Every line below that mentions the word "Play" should be copied out.
================================
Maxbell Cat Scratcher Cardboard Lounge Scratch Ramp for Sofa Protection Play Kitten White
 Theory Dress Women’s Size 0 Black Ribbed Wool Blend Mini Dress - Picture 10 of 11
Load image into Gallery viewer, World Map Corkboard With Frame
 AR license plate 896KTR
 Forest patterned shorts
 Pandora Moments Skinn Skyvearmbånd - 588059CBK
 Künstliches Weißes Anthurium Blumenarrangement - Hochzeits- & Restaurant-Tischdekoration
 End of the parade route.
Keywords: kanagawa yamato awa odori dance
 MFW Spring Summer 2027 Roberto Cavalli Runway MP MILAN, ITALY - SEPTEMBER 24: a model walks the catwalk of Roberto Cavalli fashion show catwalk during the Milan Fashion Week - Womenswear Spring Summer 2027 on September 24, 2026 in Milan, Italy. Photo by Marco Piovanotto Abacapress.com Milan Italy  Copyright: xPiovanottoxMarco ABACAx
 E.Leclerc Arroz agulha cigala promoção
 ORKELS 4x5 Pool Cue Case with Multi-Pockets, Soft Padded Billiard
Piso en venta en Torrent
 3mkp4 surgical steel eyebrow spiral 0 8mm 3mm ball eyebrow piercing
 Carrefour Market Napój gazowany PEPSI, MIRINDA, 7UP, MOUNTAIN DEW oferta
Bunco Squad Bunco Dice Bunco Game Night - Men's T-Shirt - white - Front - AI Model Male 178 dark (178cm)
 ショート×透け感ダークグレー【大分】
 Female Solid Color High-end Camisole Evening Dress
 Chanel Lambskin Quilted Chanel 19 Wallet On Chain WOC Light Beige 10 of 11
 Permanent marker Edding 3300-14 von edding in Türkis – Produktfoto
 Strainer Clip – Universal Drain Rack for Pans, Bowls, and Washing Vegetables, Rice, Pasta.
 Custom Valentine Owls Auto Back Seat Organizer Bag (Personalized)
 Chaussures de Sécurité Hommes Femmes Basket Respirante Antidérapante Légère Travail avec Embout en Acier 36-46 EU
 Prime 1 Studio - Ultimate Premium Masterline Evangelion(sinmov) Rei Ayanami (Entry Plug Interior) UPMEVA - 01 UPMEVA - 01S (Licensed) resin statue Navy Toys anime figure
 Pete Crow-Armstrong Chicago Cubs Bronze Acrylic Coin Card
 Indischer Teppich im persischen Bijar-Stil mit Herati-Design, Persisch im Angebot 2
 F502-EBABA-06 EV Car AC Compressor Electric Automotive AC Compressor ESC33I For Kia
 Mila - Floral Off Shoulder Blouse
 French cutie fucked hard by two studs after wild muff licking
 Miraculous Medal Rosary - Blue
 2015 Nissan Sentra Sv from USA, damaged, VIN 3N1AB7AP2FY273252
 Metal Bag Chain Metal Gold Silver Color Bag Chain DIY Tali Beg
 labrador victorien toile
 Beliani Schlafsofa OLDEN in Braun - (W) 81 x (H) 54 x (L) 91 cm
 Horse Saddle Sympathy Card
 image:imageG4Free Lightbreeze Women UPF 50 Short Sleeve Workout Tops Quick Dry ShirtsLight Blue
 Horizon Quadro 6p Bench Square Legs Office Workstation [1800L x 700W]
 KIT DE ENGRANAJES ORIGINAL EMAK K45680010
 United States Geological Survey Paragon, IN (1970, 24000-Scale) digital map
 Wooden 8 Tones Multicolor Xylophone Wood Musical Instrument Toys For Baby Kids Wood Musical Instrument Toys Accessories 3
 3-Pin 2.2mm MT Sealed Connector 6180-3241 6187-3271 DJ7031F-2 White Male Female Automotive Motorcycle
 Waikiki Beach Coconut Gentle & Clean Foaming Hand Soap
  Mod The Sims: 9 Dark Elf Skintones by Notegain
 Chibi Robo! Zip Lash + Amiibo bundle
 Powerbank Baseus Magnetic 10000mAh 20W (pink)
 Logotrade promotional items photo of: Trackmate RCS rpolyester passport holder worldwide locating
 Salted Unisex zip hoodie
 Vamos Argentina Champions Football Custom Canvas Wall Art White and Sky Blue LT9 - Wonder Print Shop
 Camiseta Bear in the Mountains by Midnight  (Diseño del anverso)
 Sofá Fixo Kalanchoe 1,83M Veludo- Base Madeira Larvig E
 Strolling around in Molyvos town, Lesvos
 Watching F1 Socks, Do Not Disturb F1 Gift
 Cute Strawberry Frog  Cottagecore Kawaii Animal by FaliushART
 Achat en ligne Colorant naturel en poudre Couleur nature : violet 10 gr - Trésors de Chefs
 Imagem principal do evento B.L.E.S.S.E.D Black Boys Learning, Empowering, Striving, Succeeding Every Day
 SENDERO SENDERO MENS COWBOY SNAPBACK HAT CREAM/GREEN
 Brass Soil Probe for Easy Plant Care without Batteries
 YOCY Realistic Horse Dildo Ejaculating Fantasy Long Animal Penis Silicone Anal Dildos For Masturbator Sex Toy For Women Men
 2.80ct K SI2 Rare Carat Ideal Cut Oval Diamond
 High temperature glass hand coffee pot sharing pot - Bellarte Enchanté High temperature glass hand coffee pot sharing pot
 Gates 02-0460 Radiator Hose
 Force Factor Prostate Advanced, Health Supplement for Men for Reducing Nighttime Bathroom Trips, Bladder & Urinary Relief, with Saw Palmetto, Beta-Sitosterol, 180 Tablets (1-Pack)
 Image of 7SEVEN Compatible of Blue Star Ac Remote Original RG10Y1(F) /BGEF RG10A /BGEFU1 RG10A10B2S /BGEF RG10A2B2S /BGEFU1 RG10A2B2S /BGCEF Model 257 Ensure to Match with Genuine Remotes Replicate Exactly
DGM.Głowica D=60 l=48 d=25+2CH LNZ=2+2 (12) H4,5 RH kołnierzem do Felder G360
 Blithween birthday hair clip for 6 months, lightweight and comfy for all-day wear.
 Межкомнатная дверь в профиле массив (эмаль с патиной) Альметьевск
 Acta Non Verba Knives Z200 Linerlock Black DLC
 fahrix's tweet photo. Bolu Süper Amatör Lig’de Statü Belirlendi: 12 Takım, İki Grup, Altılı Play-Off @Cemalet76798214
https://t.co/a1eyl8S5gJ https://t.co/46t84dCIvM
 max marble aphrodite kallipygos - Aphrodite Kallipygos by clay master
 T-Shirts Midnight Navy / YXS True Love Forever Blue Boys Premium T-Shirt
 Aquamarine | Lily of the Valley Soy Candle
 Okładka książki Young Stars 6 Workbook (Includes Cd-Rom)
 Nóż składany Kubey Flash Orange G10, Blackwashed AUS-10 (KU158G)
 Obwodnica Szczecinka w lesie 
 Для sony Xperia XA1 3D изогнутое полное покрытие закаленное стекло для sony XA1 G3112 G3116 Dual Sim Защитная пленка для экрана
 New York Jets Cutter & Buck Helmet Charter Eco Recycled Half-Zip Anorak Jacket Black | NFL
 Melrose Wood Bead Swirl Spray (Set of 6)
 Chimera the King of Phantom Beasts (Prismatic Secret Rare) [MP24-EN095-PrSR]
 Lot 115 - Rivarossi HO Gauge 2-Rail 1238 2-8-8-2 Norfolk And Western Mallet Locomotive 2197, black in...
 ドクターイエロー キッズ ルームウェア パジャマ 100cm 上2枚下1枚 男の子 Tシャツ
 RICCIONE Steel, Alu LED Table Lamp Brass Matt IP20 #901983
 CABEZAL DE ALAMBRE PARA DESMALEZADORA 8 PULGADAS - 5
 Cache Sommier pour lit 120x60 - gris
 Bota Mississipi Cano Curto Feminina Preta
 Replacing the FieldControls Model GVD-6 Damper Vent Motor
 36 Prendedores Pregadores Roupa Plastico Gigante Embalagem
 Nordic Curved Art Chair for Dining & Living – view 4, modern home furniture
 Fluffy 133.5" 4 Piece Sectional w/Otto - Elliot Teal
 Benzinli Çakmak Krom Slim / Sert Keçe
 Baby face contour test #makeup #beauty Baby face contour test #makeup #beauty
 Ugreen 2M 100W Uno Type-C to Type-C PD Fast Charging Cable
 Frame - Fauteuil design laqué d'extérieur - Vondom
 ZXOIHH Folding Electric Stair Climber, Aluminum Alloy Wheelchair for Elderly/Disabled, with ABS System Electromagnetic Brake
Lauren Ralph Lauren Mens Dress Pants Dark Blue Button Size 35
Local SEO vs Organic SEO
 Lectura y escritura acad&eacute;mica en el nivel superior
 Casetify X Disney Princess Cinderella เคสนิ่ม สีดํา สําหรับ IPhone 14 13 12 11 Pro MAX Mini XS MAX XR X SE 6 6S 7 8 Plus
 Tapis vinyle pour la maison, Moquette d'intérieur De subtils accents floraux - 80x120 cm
================================
Exercise output
Maxbell Cat Scratcher Cardboard Lounge Scratch Ramp for Sofa Protection Play Kitten White
 fahrix's tweet photo. Bolu Süper Amatör Lig’de Statü Belirlendi: 12 Takım, İki Grup, Altılı Play-Off @Cemalet76798214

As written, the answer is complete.